6800 opcode $02

Tony Duell ard at p850ug1.demon.co.uk
Wed Aug 31 17:31:12 CDT 2005


> 
>     I'd suggest finding a VHDL or Verilog implementation, and see if 

I am not sure those are likely to be free, and if they are they would be 
'unofficial', which means they might well not implement all undocumented 
features correctly..

> that provides any insight.  Also, Google for '6800 undocumented opcodes' 
> (no quotes).  There are a number of hits.  Most seem to indicate that 
> the undocumented opcode (no value given) causes the processor to go into 
> a mode where there are no instruction fetchs, but the address bus runs 
> incrementing bus cycles.

That's the 'HCF' (Halt and Catch Fire) instruction I mentioned.

Let me explain where all this is coming from. I have an HP37201 HPIB 
Extender on the bench. It's basically a 6800-based microprocessor system 
with the right I/O chips (FWIW, the HPIB handshake is handled in 
firmware, there are about 5 6821 PIAs on the board to handle the HPIB 
lines, the V25 dialer port, status LEDs, etc).

Anyway, there's a link on the board labelled 'SA TEST'. I think that's 
'Signature Analyser Test', HP having a love of such instruments.

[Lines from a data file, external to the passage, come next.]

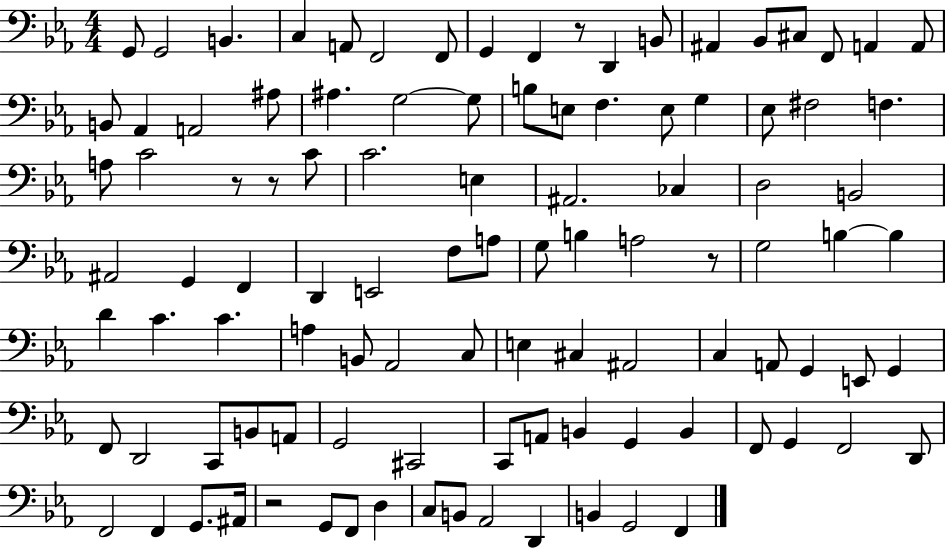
X:1
T:Untitled
M:4/4
L:1/4
K:Eb
G,,/2 G,,2 B,, C, A,,/2 F,,2 F,,/2 G,, F,, z/2 D,, B,,/2 ^A,, _B,,/2 ^C,/2 F,,/2 A,, A,,/2 B,,/2 _A,, A,,2 ^A,/2 ^A, G,2 G,/2 B,/2 E,/2 F, E,/2 G, _E,/2 ^F,2 F, A,/2 C2 z/2 z/2 C/2 C2 E, ^A,,2 _C, D,2 B,,2 ^A,,2 G,, F,, D,, E,,2 F,/2 A,/2 G,/2 B, A,2 z/2 G,2 B, B, D C C A, B,,/2 _A,,2 C,/2 E, ^C, ^A,,2 C, A,,/2 G,, E,,/2 G,, F,,/2 D,,2 C,,/2 B,,/2 A,,/2 G,,2 ^C,,2 C,,/2 A,,/2 B,, G,, B,, F,,/2 G,, F,,2 D,,/2 F,,2 F,, G,,/2 ^A,,/4 z2 G,,/2 F,,/2 D, C,/2 B,,/2 _A,,2 D,, B,, G,,2 F,,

From 
what I've figured out so far, when it's put in the 'SA TEST' position, it 
disables the data bus buffers (thsoe are the 6881 chips I was asking 
about the other day) and uses a '241 to force 0000 0010 onto the CPU data 
lines (at least during CPU read cycles). I would guess this gets the CPU 
to do something repetitive (incrementing the address bus at full speed 
would be an obvious choice), so that you get meaningful signatures on all 
the lines. 

When I get enough of the instrument back together to power it up, I will 
flip that link and look at all relevant signals with a logic analyser.